**BRIEF**: Below is a listing. Quote from it, exactly, the lines from the one containing "Toyota C-HR 1.8 125H Advance 90 kW (122 CV) Toyota" down to the one containing "Fruit Of The Loom VINTAGE", both ends included, and nothing else.

**EXTRACTED INFORMATION**:
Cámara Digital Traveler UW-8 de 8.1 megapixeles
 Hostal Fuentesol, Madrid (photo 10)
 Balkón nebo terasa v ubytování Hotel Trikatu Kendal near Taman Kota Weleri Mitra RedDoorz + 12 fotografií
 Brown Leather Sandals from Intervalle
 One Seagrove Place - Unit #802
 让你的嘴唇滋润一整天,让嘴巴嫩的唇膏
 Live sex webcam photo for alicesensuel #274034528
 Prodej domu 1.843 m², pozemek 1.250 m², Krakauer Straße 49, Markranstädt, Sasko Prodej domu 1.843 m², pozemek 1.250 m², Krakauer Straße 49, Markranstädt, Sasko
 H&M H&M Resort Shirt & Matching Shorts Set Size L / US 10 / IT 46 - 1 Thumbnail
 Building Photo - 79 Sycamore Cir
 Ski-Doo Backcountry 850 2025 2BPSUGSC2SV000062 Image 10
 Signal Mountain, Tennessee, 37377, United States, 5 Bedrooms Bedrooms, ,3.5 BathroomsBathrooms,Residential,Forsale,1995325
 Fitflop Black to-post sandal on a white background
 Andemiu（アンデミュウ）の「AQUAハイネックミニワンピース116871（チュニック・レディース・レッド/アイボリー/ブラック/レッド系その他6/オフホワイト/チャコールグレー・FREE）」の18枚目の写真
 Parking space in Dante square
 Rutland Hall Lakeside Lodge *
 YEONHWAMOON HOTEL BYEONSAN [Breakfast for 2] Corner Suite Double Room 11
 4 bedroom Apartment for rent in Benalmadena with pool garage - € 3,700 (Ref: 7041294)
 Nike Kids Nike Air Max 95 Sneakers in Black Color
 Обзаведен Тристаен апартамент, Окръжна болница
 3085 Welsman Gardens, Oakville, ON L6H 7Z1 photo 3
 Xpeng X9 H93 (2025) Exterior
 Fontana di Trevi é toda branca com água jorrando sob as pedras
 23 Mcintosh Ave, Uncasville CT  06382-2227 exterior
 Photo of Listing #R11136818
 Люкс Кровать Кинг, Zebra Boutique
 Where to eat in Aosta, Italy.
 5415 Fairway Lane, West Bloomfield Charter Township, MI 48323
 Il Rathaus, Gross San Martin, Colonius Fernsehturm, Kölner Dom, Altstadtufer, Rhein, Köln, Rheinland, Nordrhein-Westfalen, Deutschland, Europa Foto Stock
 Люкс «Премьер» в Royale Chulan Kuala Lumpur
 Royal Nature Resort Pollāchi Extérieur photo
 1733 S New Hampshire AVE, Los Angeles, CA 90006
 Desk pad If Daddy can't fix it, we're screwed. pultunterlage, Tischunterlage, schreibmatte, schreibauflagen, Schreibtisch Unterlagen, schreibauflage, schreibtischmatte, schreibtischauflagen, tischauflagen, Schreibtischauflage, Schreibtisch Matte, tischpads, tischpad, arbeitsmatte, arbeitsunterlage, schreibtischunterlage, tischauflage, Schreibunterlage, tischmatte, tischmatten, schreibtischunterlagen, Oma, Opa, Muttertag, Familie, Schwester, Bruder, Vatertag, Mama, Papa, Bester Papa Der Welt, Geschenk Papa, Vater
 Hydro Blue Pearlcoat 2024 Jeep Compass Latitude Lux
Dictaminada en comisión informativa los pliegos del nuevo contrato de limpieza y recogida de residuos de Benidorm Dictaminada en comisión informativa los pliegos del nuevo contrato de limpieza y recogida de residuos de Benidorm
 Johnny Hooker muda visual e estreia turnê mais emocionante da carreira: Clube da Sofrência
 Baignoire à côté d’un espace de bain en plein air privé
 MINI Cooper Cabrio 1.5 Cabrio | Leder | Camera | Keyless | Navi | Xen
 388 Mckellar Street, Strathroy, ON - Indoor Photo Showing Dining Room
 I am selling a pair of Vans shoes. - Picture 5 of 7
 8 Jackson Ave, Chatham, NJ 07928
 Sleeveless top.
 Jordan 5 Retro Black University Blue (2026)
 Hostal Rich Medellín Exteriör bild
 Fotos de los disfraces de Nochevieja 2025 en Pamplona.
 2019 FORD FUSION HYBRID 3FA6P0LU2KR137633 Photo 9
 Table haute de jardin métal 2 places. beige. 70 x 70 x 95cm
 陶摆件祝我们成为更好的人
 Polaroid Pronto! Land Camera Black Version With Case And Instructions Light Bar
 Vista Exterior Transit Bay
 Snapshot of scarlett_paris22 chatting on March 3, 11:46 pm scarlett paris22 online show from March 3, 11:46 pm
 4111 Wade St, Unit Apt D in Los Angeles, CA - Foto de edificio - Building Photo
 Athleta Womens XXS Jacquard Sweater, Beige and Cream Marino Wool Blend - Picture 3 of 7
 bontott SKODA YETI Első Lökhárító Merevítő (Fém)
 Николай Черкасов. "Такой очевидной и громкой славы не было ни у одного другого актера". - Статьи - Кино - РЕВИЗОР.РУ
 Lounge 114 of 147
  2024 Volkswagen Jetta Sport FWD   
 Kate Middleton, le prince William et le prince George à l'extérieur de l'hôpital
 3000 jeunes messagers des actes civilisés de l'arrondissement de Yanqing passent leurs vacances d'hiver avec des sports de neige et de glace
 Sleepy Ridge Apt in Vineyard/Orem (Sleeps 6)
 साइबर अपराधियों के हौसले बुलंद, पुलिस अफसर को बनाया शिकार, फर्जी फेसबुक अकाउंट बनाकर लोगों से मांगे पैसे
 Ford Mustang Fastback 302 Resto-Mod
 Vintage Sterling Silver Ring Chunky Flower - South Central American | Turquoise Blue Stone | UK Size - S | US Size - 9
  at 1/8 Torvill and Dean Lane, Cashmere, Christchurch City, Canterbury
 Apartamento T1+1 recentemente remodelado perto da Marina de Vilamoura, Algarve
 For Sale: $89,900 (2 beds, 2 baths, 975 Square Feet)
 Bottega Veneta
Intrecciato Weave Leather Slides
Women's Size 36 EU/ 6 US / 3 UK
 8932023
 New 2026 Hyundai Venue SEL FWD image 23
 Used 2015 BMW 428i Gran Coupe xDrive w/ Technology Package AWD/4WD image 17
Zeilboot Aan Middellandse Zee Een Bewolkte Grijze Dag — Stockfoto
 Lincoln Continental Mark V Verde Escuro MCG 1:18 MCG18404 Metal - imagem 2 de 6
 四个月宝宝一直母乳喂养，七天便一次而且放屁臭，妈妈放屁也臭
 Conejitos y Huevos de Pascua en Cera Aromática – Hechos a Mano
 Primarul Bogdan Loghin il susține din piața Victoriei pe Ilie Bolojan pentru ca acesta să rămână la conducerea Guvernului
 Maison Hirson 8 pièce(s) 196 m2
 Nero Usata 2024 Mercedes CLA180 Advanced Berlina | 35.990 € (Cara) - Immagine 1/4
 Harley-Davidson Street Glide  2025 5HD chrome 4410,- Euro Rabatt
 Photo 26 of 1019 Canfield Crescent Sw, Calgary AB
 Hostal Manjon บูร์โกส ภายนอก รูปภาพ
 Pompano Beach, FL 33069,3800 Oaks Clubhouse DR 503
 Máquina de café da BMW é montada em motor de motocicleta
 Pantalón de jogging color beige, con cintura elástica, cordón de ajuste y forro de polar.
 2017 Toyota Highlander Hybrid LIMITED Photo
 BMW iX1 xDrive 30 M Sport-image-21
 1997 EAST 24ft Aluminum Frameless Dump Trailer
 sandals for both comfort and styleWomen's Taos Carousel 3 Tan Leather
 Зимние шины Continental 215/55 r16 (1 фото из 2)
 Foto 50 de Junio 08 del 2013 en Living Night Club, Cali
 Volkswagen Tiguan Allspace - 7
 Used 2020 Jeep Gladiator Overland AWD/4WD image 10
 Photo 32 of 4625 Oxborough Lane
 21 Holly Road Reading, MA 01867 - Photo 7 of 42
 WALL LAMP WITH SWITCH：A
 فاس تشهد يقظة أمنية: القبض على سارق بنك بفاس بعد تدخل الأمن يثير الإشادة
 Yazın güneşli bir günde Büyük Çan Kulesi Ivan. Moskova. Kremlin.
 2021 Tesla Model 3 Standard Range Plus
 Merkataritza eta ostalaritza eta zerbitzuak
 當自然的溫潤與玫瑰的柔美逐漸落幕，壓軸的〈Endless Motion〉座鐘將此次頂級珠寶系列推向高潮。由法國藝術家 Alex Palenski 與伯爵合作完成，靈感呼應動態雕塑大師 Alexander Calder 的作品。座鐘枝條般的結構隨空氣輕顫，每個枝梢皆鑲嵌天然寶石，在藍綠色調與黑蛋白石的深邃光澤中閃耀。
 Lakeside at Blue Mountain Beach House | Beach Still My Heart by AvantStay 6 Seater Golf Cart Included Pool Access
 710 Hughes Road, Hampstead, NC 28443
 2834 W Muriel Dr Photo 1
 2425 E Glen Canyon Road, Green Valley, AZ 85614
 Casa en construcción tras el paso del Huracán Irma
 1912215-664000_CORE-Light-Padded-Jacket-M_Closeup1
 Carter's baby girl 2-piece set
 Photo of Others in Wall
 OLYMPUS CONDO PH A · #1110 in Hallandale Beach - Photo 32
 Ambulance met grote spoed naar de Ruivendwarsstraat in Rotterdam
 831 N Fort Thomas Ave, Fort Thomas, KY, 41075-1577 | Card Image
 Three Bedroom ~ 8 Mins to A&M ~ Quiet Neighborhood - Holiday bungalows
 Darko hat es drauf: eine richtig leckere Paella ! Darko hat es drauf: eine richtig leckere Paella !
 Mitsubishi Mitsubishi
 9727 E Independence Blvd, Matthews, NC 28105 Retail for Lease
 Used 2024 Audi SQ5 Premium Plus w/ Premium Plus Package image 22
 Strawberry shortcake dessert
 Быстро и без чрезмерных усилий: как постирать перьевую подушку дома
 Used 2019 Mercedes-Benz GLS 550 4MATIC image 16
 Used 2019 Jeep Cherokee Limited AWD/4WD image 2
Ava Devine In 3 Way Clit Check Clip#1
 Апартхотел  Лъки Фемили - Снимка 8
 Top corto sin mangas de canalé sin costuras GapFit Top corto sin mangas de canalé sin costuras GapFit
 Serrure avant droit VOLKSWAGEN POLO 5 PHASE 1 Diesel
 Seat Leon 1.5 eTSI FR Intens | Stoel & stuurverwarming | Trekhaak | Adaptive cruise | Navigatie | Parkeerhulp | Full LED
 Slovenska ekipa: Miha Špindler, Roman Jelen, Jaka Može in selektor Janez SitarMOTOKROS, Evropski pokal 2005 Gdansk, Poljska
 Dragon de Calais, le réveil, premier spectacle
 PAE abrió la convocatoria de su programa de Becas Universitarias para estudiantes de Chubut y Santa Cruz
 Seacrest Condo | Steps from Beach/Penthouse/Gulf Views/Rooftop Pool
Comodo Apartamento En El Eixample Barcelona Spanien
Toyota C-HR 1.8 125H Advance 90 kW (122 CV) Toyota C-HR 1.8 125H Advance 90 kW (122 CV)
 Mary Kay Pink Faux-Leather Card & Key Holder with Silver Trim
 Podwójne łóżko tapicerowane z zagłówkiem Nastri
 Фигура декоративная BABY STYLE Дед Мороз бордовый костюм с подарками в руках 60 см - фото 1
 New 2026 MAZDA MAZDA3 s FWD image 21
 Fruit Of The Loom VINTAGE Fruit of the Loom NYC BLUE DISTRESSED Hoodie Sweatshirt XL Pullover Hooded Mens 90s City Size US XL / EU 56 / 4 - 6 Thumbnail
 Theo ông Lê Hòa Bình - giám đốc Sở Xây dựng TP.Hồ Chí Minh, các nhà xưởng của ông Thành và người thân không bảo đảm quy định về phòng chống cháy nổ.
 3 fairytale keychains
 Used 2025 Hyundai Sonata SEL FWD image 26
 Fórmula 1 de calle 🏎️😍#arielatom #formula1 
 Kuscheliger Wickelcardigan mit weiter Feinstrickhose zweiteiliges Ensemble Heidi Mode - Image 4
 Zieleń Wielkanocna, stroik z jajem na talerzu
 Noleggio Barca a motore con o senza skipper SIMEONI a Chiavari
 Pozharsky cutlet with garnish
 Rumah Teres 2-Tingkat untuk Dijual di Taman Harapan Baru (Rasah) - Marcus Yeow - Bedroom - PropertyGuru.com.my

**RESULT OF THIS EXERCISE**:
Toyota C-HR 1.8 125H Advance 90 kW (122 CV) Toyota C-HR 1.8 125H Advance 90 kW (122 CV)
 Mary Kay Pink Faux-Leather Card & Key Holder with Silver Trim
 Podwójne łóżko tapicerowane z zagłówkiem Nastri
 Фигура декоративная BABY STYLE Дед Мороз бордовый костюм с подарками в руках 60 см - фото 1
 New 2026 MAZDA MAZDA3 s FWD image 21
 Fruit Of The Loom VINTAGE Fruit of the Loom NYC BLUE DISTRESSED Hoodie Sweatshirt XL Pullover Hooded Mens 90s City Size US XL / EU 56 / 4 - 6 Thumbnail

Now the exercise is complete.